Cloud computing services, cloud services for short, are a method of uniformly managing and scheduling computing resources and then providing services to users as needed. A workflow is a collection of tasks, wherein a task may depend on the execution of one or more tasks. The set of directed edges between tasks in the workflow can represent the dependency of the tasks, whether the execution of one task is established or not needs to see whether the dependency relationship meets the sequential dependency and the data dependency, the sequential dependency ensures that all predecessor tasks of the current task are executed completely, and the data dependency ensures that the execution data required by the task is correspondingly received after the previous task is executed completely.
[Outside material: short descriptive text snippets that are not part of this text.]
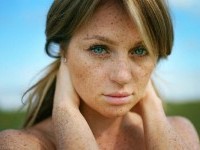 как избавиться от веснушек на лице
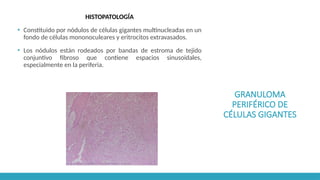 GRANULOMA
PERIFÉRICO DE
CÉLULAS GIGANTES
HISTOPATOLOGÍA
▪ Constituido por nódulos de células gigantes multinucleadas en un
fondo de células mononoculeares y eritrocitos extravasados.
▪ Los nódulos están rodeados por bandas de estroma de tejido
conjuntivo fibroso que contiene espacios sinusoidales,
especialmente en la periferia.
 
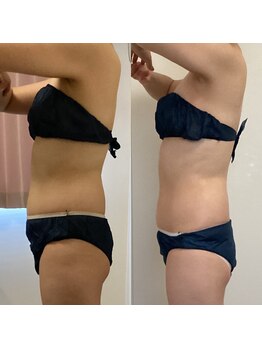 サンテ エ ボーテ 福岡博多店(Sante et Beaute)/痩身/くびれを作りたい♪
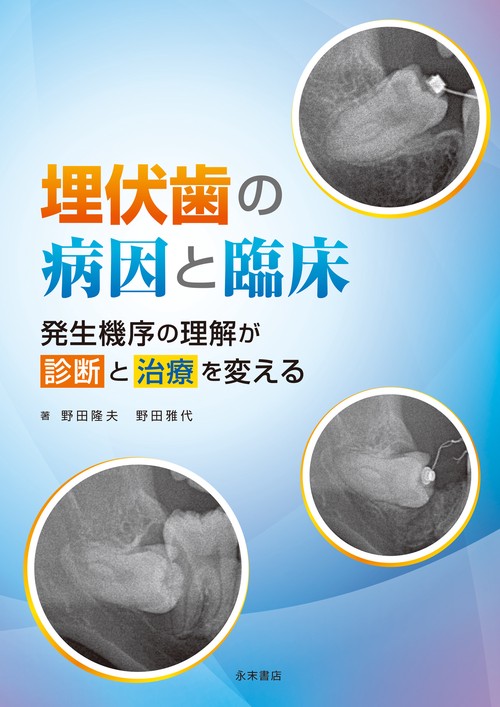 埋伏歯の病因と臨床 —発生機序の理解が診断と治療を変える—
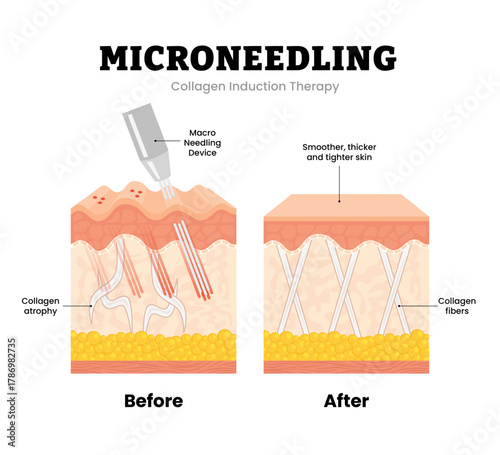 Before after microneedling procedure. Collagen induction therapy. Skin rejuvenation anti aging treatment. Remove wrinkles, scars, stretch, marks. Human skin layers anatomy cross section. illustration.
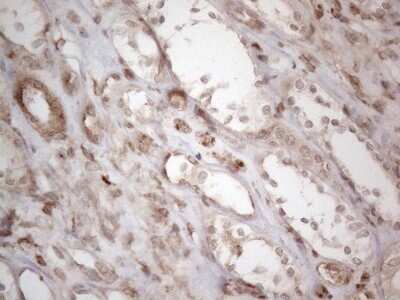 Immunohistochemistry: RBMS1 Antibody (OTI2H1) - Azide and BSA Free [NBP2-73834]
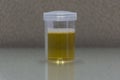 Urine for examination in laboratory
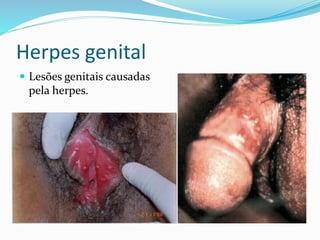 Herpes genital
 Lesões genitais causadas
pela herpes.
 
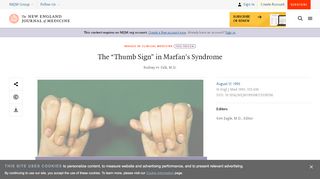 
                            3. The “Thumb Sign” in Marfan's Syndrome | NEJM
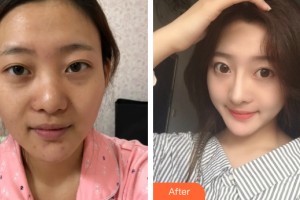 中山美爾醫(yī)療美容門診部周琮鎮(zhèn)整形價格表附鼻部手術(shù)案例展示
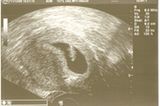 Ultraschallbild Baby: Endlich hat es geklappt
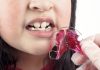 6 dúvidas comuns sobre o uso de aparelhos ortodônticos em crianças; imagem mostra boca de menina e aparelho móvel rosa em acrílico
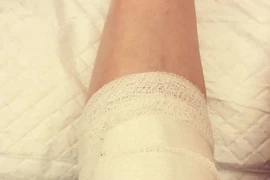 Gãy chân vì đi xe nghe nhạc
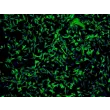 小脑星形胶质细胞 (HA-c) - GFAP 免疫染色，100x。
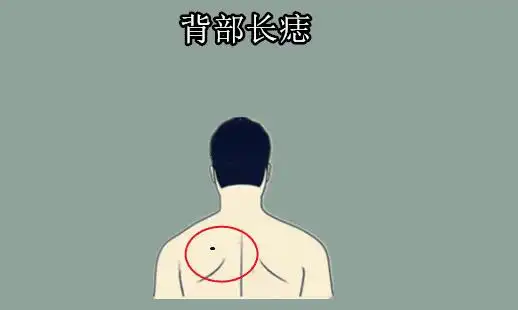 身体有这5颗痣,早晚会取得成功,一辈子都不用为钱发愁担心_的能力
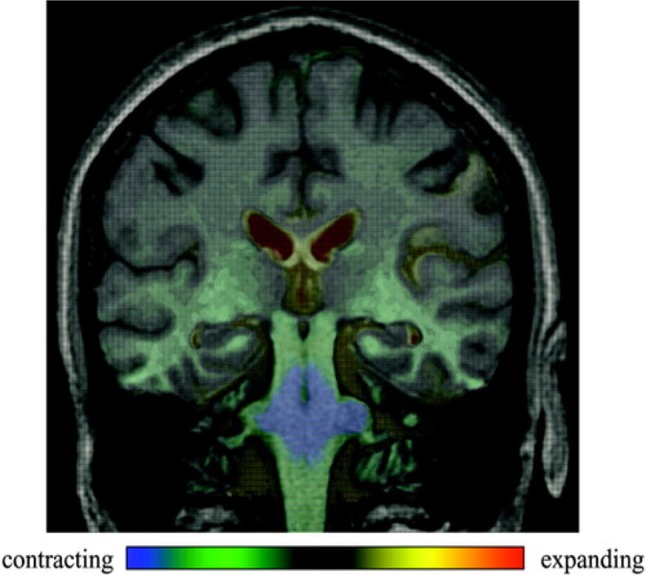 Fig. 3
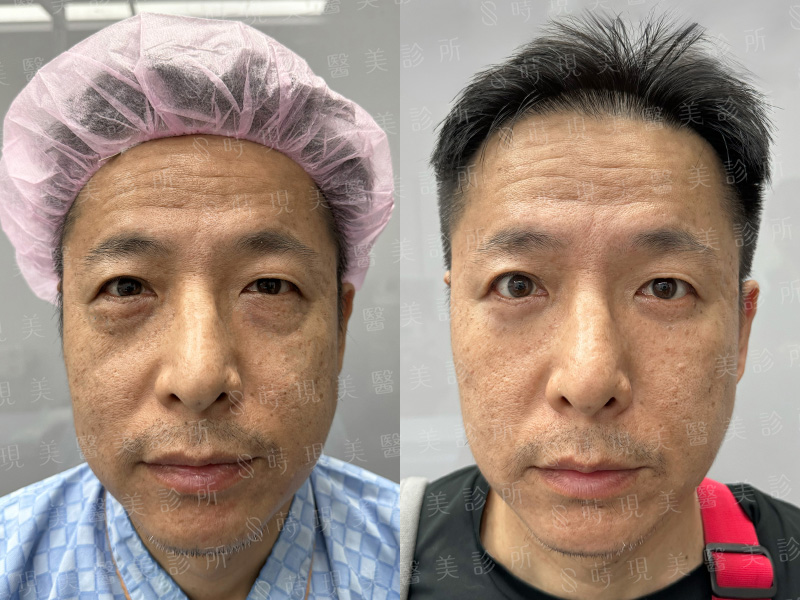 眼袋移位＋補脂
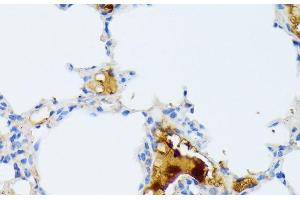 Immunohistochemistry of paraffin-embedded Mouse lung using CTRB1 Polyclonal Antibody at dilution of 1:100 (40x lens). (CTRB1 抗体)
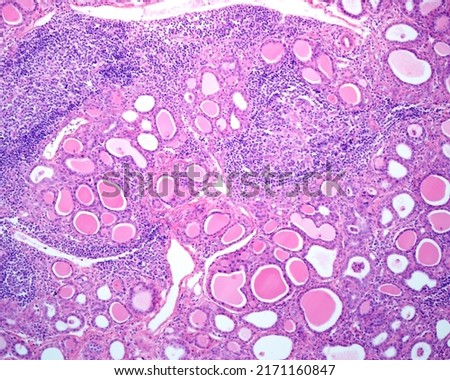 Human thyroid. Chronic thyroiditis (Hashimoto disease). Low magnification micrograph showing extensive chronic inflammatory infiltrates and lymphoid follicles with germinal centers.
Compared with the traditional distributed system, the cloud computing has the characteristics of complexity and changeability, so that influence factors on the evaluation standards are increased, if the evaluation standards cannot be optimized and balanced well, the cost is increased, and the use and experience of a user are influenced. The invention aims to research a cloud workflow execution time optimization scheduling algorithm, fully utilize task scheduling time gaps, save execution time, meet user requirements, reduce user cost and provider cost and achieve the purpose of sustainable development.
Disclosure of Invention
In order to achieve the purpose, the invention provides a differential pollination workflow optimization scheduling algorithm based on cloud computing, which comprises the following steps:
(1) And establishing a cloud computing workflow scheduling model according to the workflow execution relation.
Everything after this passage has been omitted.